C’est l’expression même des contradictions du multiculturalisme et de la bombe à retardement qu’il représente. La Grande-Bretagne cultive l’ambiguïté. Cette adhésion n’est jamais que celle à un modèle de séparation ethnico-religieux, qui a abouti à la reconnaissance d’un droit à géométrie variable par le juge anglais selon la logique communautaire, avec des tribunaux islamiques dans le pays qui font flores, par voie de conséquence un droit matrimoniale fondée sur les principes de la charia qui y est toléré, et un délit de blasphème toujours dans la loi qui borde le tout. Une adhésion de façade qui cache mal la rupture entre des cultures et des mentalités, et conduit à cette attitude pointée dans l’enquête, qui consiste pour près d’un musulman britannique sur deux, à ne pas vouloir dénoncer  quelqu'un qu'il connaitrait, d’impliqué avec des partisans du terrorisme en Syrie. Ce qui d’ailleurs indique une progression au regard d’études précédentes.

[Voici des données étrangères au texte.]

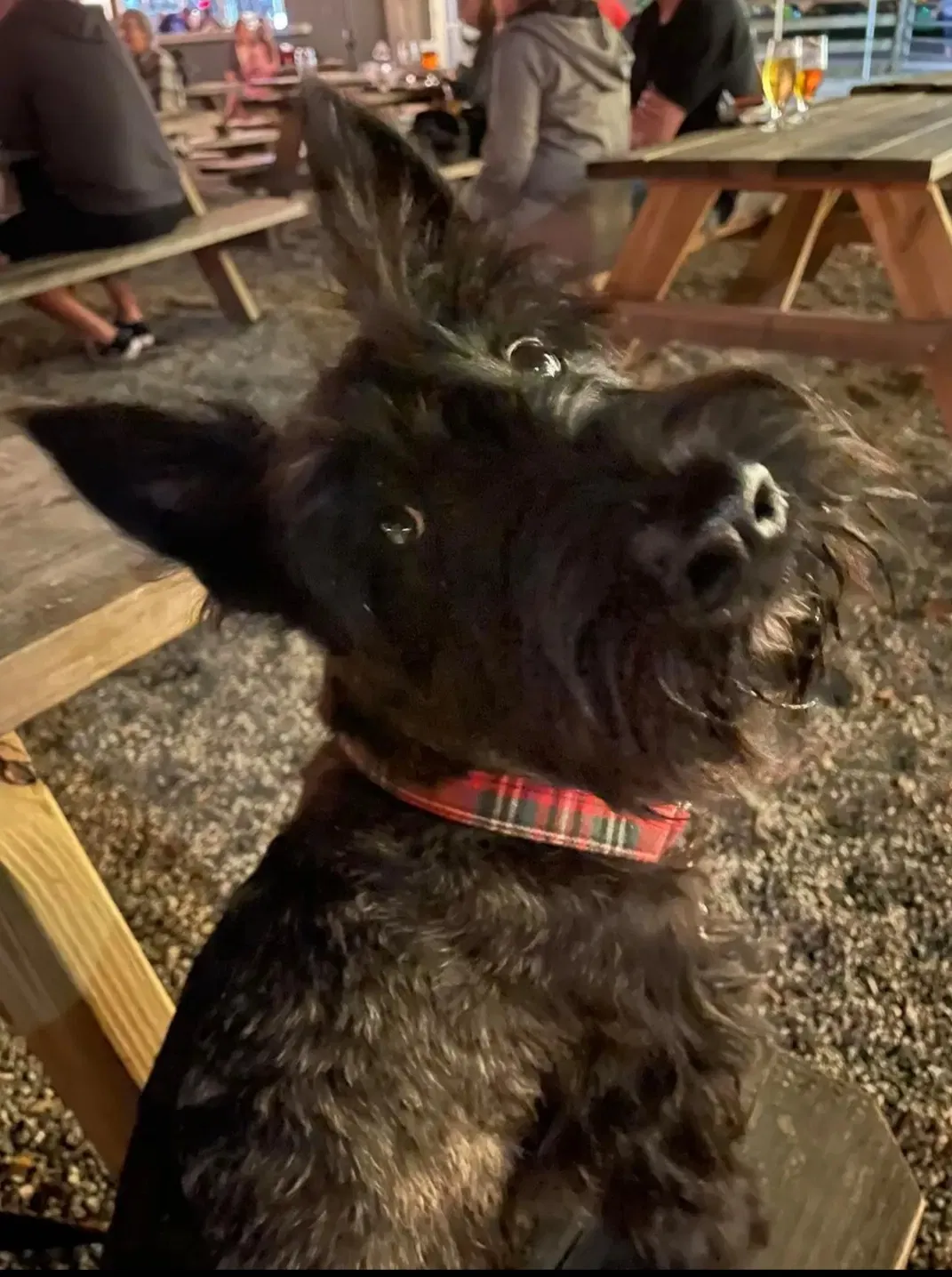 Lost dog in Clearwater, FL, 33764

La présentation qui a été faite par les médias de l’élection de Sadiq Khan à la tête de la capitale britannique, député musulman, défenseur du bizness et du voile, comme une révolution, est le parfait reflet de ces contradictions que l’on refuse de voir. On a abusé de la crédulité du citoyen anglais, pour faire croire au mythe d’un capitalisme par lequel on adoucirait les mœurs, tout en laissant chacun vivre sur le mode qui lui convient, jusqu’à ces mises à part qui en viennent à normaliser de faire passer la religion avant la loi civile. Il n’y a pas à douter que cela prépare encore des réveils douloureux.

On voit bien que l’adhésion à ce modèle britannique n’a rien à voir avec l’adhésion aux valeurs attachés à la démocratie et à la modernité sociétale. Selon ce sondage, deux britanniques musulmans sur cinq seraient favorables à l'introduction de la charia dans le pays.  Il a également révélé que  40 % étaient en faveur de classes où on pratique la ségrégation sexuelle, tandis que 44 % pensent que les écoles devraient être en mesure de forcer les filles à porter la robe islamique traditionnelle.